» Instructions for the task:
Reproduce the listing below as it stands. Leave out each image.

» Collected data:
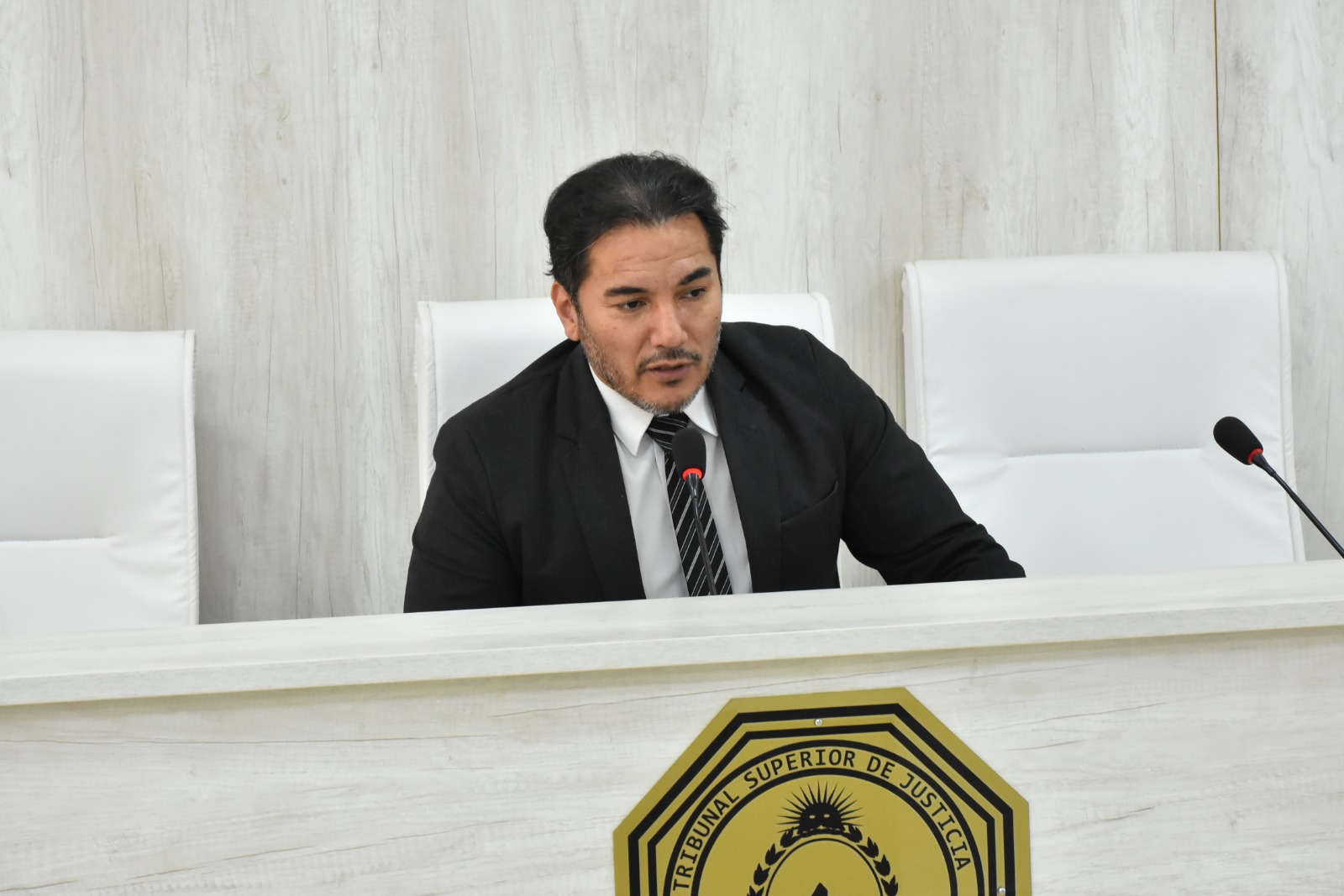 Camara 3era juicio alegato incumplimiento familiar 1-25-11-25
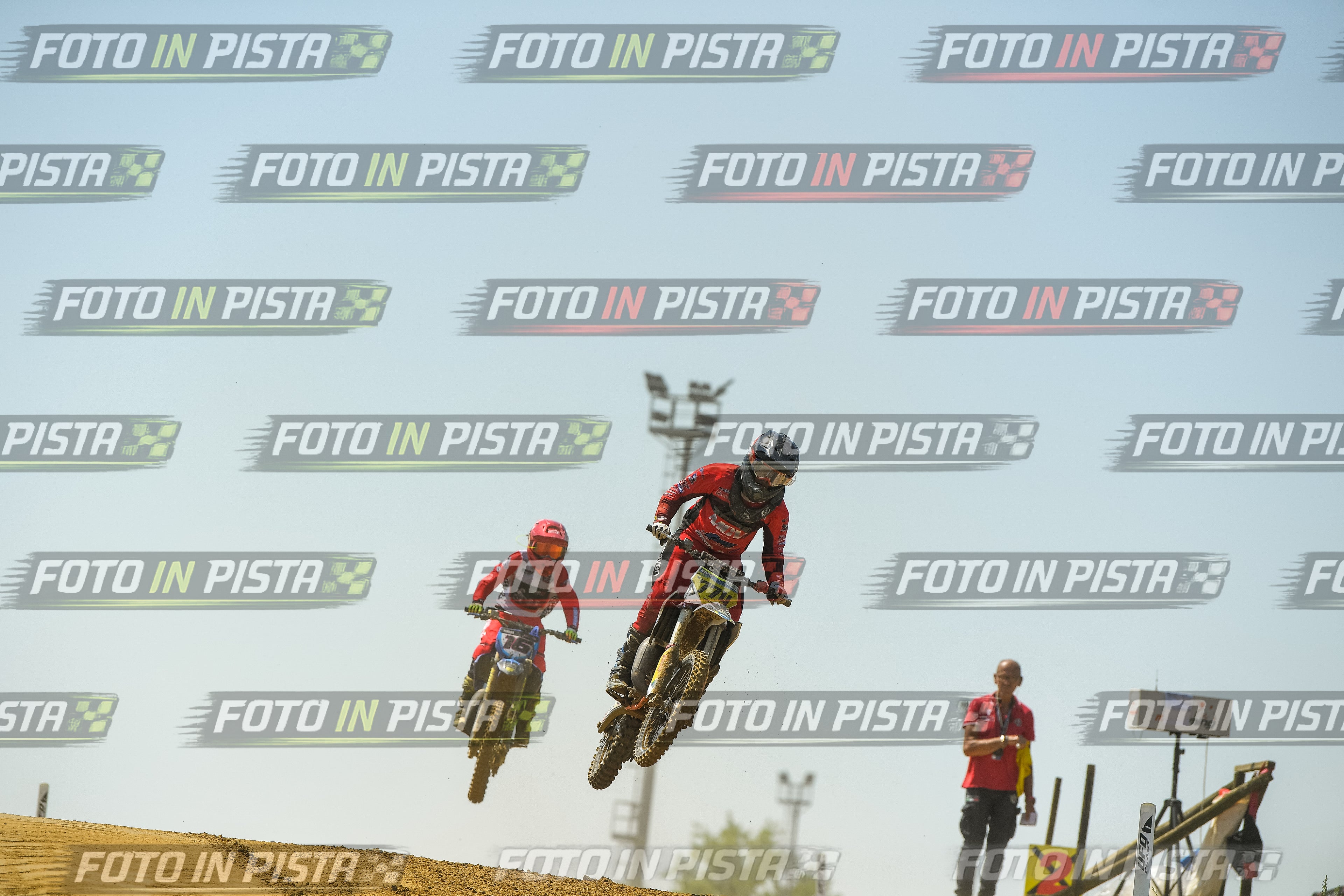 Foto GARAFMI2106261PROVA85CC numero 241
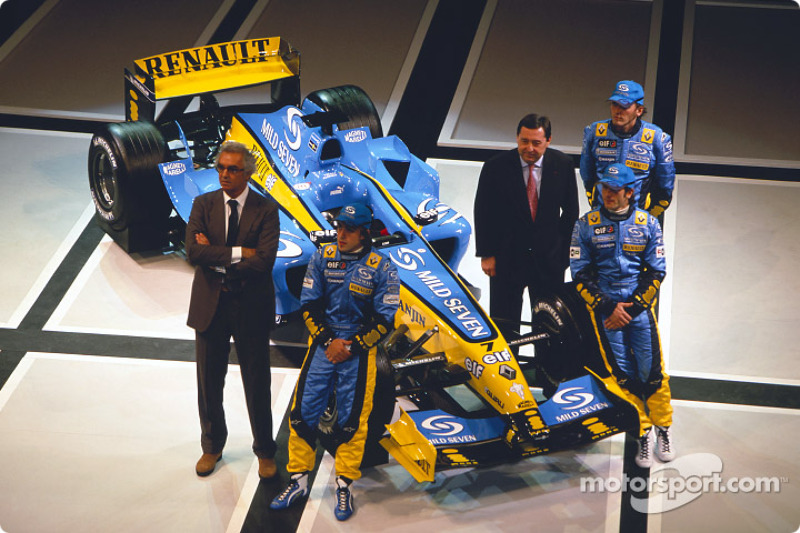 2004 - Renault R24
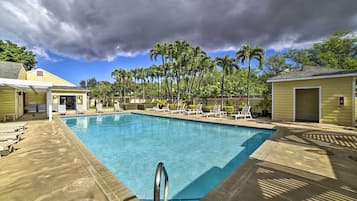 Een verwarmd zwembad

» Result of this exercise:
 Camara 3era juicio alegato incumplimiento familiar 1-25-11-25
 Foto GARAFMI2106261PROVA85CC numero 241
 2004 - Renault R24
 Een verwarmd zwembad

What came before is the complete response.